La semaine dernière, les forces armées libanaises ont effectué une descente dans des maisons occupées par des familles syriennes dans différentes localités à travers le pays, notamment à Bourj Hammoud, quartier de Beyrouth. Elles ont expulsé vers la Syrie des dizaines de réfugié·e·s qui étaient entrés dans le pays illégalement ou dont la carte de séjour avait expiré.
Mohammed, frère de l’un des réfugiés expulsés par l’armée libanaise, a déclaré à Amnistie internationale qu’il avait réussi à joindre son frère ; celui-ci lui a dit que l’armée libanaise a conduit les réfugié·e·s directement à la frontière et les a remis à l’armée syrienne. Selon lui, beaucoup étaient enregistrés auprès du Haut-Commissariat des Nations unies pour les réfugiés (HCR).
« Il est très inquiétant de voir l'armée décider du sort des réfugié·e·s, sans respecter la procédure légale ni permettre à ceux qui risquent d'être expulsés de contester cette mesure devant un tribunal ou de demander une protection. Aucun réfugié ne devrait être renvoyé dans un endroit où sa vie est menacée, a déclaré Aya Majzoub, directrice régionale adjointe pour le Moyen-Orient et l’Afrique du Nord à Amnistie internationale.
« En vertu du principe de non-refoulement du droit international coutumier, le Liban est tenu de ne procéder à aucun renvoi vers un pays où les personnes concernées seraient menacées de torture ou de persécution. Au lieu de vivre dans la peur après avoir fui les atrocités en Syrie, les réfugié·e·s qui se trouvent au Liban doivent être protégés contre les raids arbitraires et les expulsions illégales. »

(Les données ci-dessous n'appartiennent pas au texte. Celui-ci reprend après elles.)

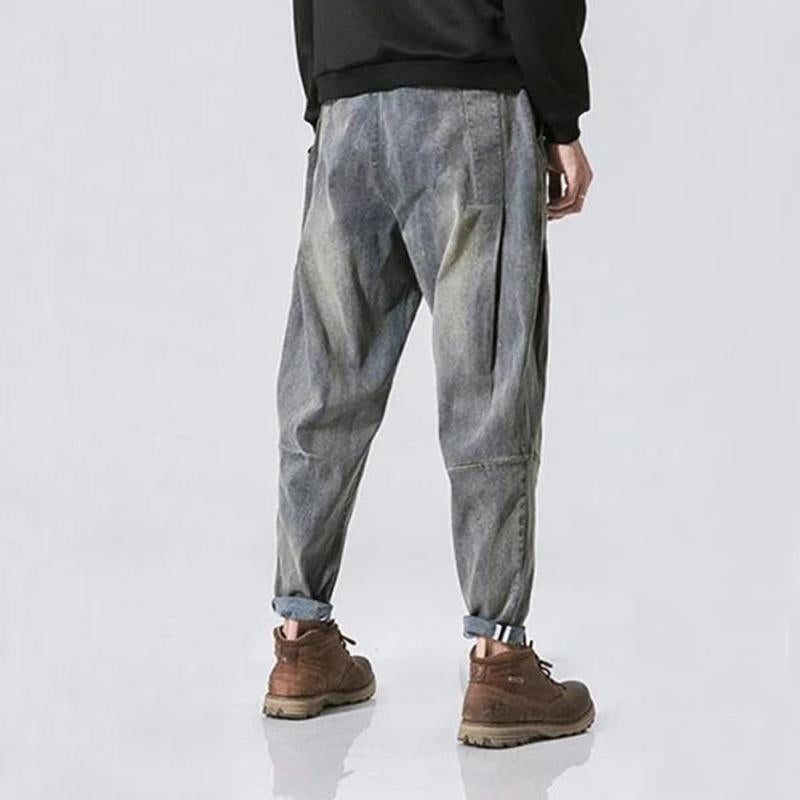 "Retro jeans för män i tjockt denim, lös passform, retrodesign, unika byxben, perfekt för vår och höst, ljusblå färg."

Plus de 100 réfugié·e·s, détenus côté syrien de la frontière depuis le 19 avril, connaîtront leur sort le 25 avril, selon le frère de Mohammed. Amnistie internationale et d’autres organisations de défense des droits ont constaté que les réfugié·e·s qui sont rentrés en Syrie ont été confrontés à de graves violations des droits humains, y compris des actes de torture et des disparitions forcées, aux mains du gouvernement syrien.
Mohammed a déclaré que son frère est recherché par le gouvernement syrien pour avoir voulu échapper au service militaire. L'armée libanaise l'a conduit, ainsi que sa femme et sa fille, directement de leur maison de Bourj Hammoud à la frontière syrienne. Bien qu'il soit enregistré auprès du HCR, selon Mohammed, son frère n'a pas eu le droit de contester l’arrêté d’expulsion le concernant. Mohammed a ajouté que le HCR avait été informé de la situation.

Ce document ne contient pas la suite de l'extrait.